**REQUIREMENT**
Please copy the data below exactly, from its first line through the line holding "Four USB ports", and skip the pictures.

(Stored records)
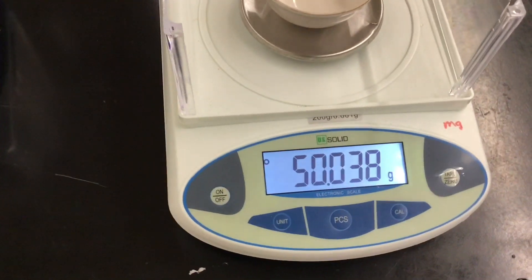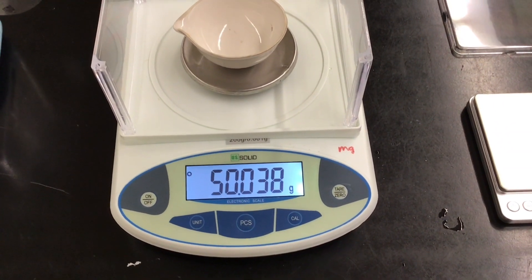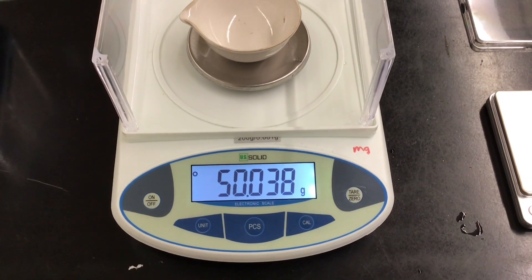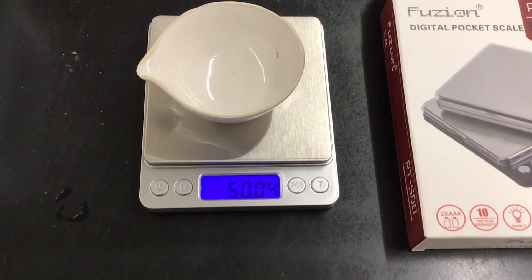These are the previous balances — this is one of my milligram balances, and I'm testing out some data. It reads 50.038, let's call it 50.04 grams. Let me put this evaporating dish on the new scale and it also reads 50.04 — not too shabby.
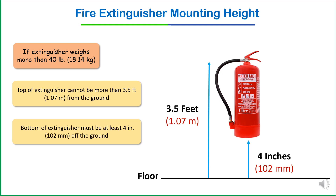Always remember, during installation of a fire extinguisher, refer to NFPA 10 — the National Fire Protection Association standard 10 — which is the standard for the installation of portable fire extinguishers. For the first condition, if your extinguisher weight is more than 40 pounds, remember these two points: the top of the extinguisher cannot be more than one meter, and the bottom must be at least four inches from the ground.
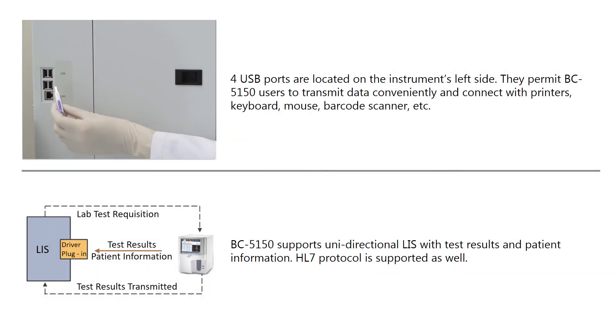Four USB ports are located on the instrument's left side. They permit BC-5150 users to transmit data conveniently and connect with printers, keyboard, mouse, barcode scanner, etc. The BC-5150 supports unidirectional LIS with test results and patient information. HL7 protocol is supported as well.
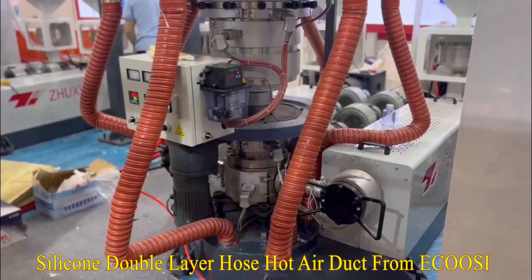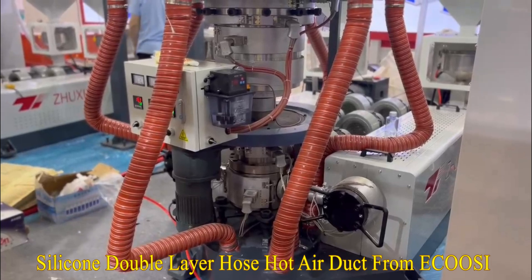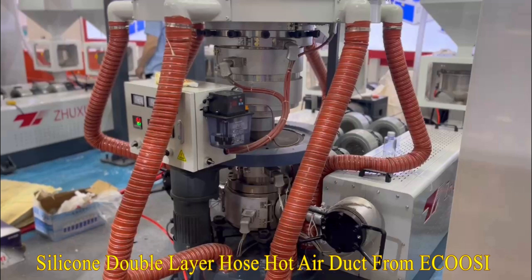The E-Koozie Flexible Duct Hose Pipe Double Layer Silicone Air Duct Hose is a high-temp duct suited for a variety of applications such as hot air and fumes.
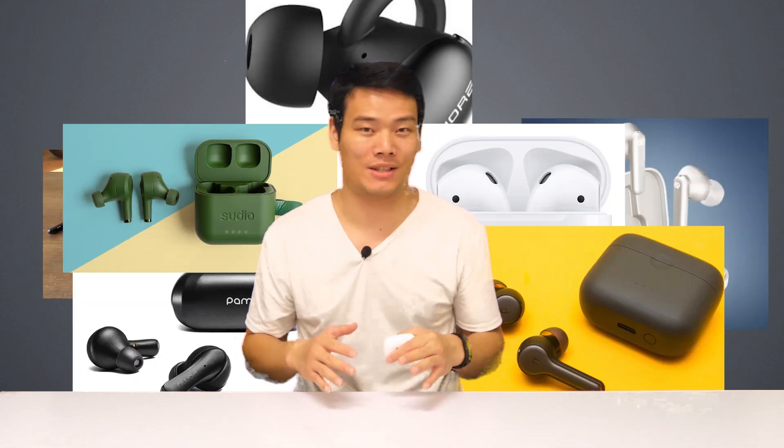Hi, what's up? Sami here. Ever since Apple released its first active noise-canceling earbuds, the AirPods Pro, we've seen tons of earbuds out there claiming that they are AirPods Pro alternatives.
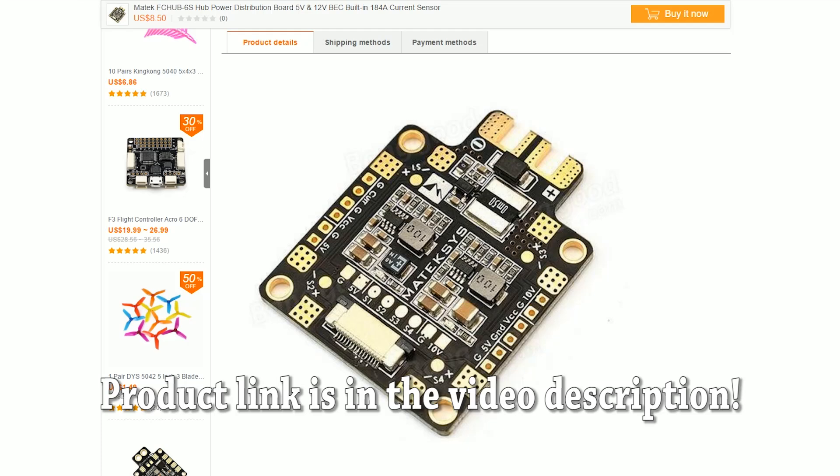I'm Joshua Bardwell and you're going to learn something today — what might be the best PDB on the market. Now, a lot of us are moving away from using separate PDBs. We're using flight controllers with integrated PDBs, like my favorite, the Betaflight F3. But many people don't like to have their power handling and their sensitive data circuitry — like the gyro — on the same board. If you do want a separate PDB, here's why I think this one is so freaking good.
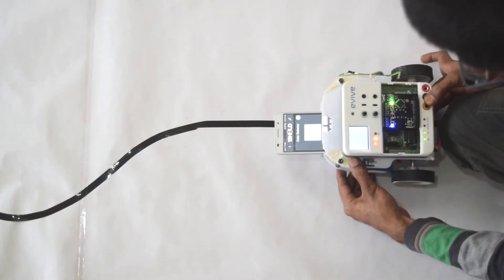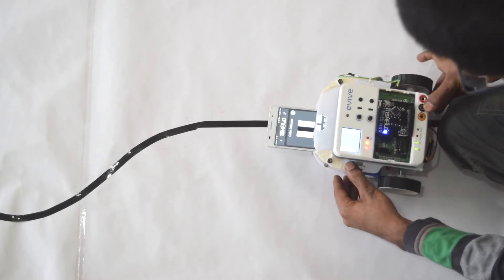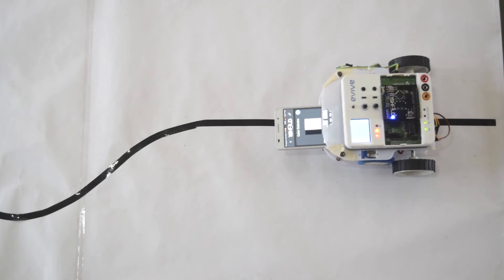Just upload the code and configure the OneShield app for using the smartphone's camera as a sensor. Now you are ready to go.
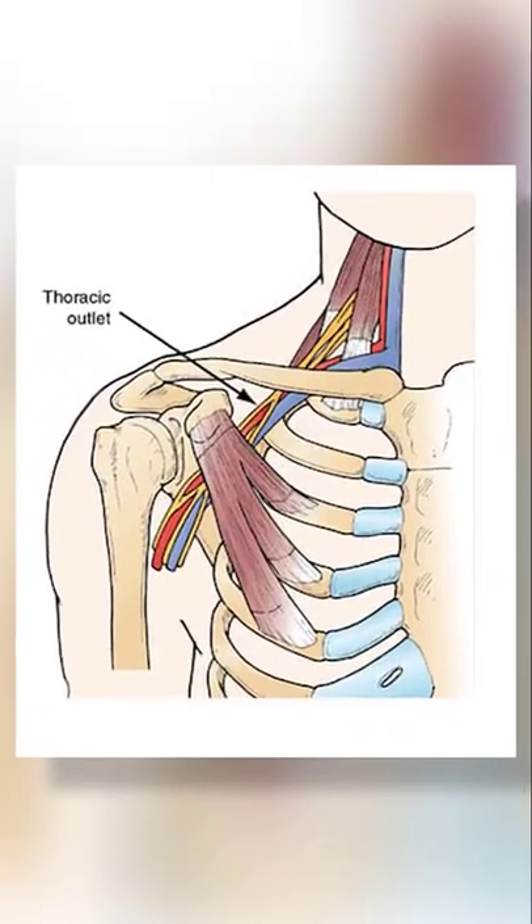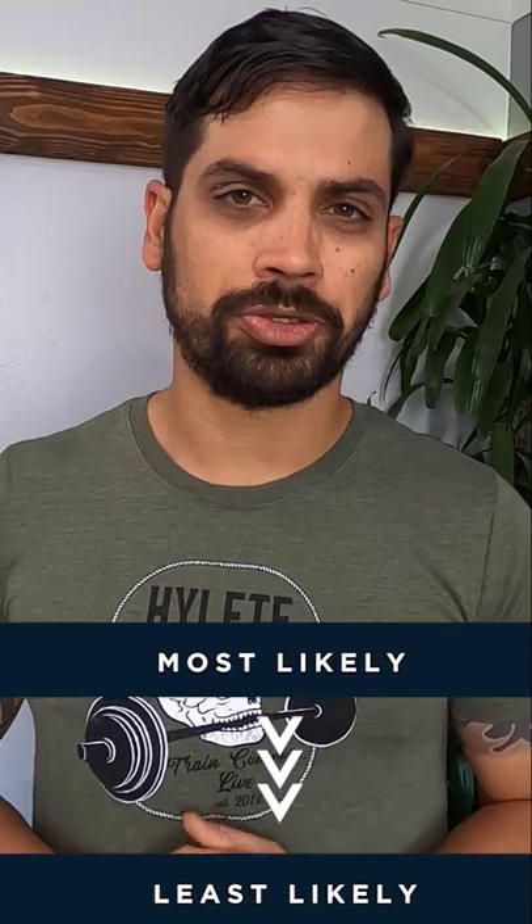If you have TOS and don't want to cause more injury, here are three muscle groups you want to avoid training in the gym. If these muscles are constantly contracting, they may end up creating compression on the blood vessels and the nerves, resulting in your TOS pain, which is why we don't want to train them. Going in order from most likely to create compression to least likely, here are the three muscles.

**ANSWER FOR THIS EXERCISE**
These are the previous balances — this is one of my milligram balances, and I'm testing out some data. It reads 50.038, let's call it 50.04 grams. Let me put this evaporating dish on the new scale and it also reads 50.04 — not too shabby.
Always remember, during installation of a fire extinguisher, refer to NFPA 10 — the National Fire Protection Association standard 10 — which is the standard for the installation of portable fire extinguishers. For the first condition, if your extinguisher weight is more than 40 pounds, remember these two points: the top of the extinguisher cannot be more than one meter, and the bottom must be at least four inches from the ground.
Four USB ports are located on the instrument's left side. They permit BC-5150 users to transmit data conveniently and connect with printers, keyboard, mouse, barcode scanner, etc. The BC-5150 supports unidirectional LIS with test results and patient information. HL7 protocol is supported as well.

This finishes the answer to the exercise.